Ma première question porte sur le climat social. Comment appréhendez-vous les prochaines négociations au vu de celles qui viennent de s'achever ? Comment faire perdurer ce climat de confiance et d'écoute mutuelle, qui a semblé avoir été fragilisé ces derniers mois avec le développement des collectifs et qui semble être remis en cause aujourd'hui par le Gouvernement ?

Ma deuxième question a trait aux péages. Nous avons eu maintes fois l'occasion de débattre ici du modèle économique de financement des infrastructures ferroviaires. Je considère pour ma part qu'il est à revoir de fond en comble, à commencer par la politique des péages : les nôtres sont les plus chers d'Europe.
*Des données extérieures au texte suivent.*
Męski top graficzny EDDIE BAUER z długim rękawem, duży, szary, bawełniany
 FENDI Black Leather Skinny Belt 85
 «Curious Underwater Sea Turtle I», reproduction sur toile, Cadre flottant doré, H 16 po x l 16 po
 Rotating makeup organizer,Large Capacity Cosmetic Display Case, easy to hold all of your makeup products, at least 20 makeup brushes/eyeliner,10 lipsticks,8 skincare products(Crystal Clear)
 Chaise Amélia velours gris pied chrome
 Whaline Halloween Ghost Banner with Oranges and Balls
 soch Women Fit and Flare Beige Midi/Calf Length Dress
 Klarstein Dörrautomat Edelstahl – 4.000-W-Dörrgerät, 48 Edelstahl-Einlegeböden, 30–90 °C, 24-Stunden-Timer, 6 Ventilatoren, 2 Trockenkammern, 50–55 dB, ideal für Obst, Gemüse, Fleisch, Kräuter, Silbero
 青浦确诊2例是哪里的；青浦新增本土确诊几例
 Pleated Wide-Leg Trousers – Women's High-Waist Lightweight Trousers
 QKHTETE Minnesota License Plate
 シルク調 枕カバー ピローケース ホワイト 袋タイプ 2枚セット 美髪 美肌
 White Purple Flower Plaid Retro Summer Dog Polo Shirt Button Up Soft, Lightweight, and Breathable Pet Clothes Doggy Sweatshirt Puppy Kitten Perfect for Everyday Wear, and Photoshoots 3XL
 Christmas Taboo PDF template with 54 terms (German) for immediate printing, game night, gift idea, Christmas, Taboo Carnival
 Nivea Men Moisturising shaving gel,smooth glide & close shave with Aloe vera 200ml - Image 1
Jusqu'à quand SNCF Voyageurs acceptera-t-elle de financer seule le réseau ferroviaire français, moyennant un réinvestissement complet de ses bénéfices, une contrainte qui n'est pas imposée à ses concurrents étrangers, alors même que ceux-ci bénéficient de rabais sur le prix des péages ? Que pensez-vous du modèle italien ? Ne devrions-nous pas nous en inspirer pour créer le choc d'offre en matière d'infrastructures nécessaire au choc d'offre en matière de services ferroviaires que nous réclamons tous ?

Ma troisième et dernière question concerne la ligne de trains d'équilibre du territoire (TET) Nancy-Lyon, qui devrait être mise en service en 2029. Un accord a été conclu entre l'État, la métropole de Nancy et le département de Meurthe-et-Moselle. Combien d'allers-retours par jour SNCF Voyageurs pourra-t-il assurer après que les rames commandées seront livrées et mises en service ? Depuis le rapport sur les TET de 2021, avez-vous mené des études sur la viabilité économique d'une telle ligne ? Pourquoi proposer des offres ferroviaires reposant sur le financement de collectivités irresponsables - les départements et les métropoles en l'occurrence -, dès lors que c'est l'État, seul compétent, qui devrait intervenir ?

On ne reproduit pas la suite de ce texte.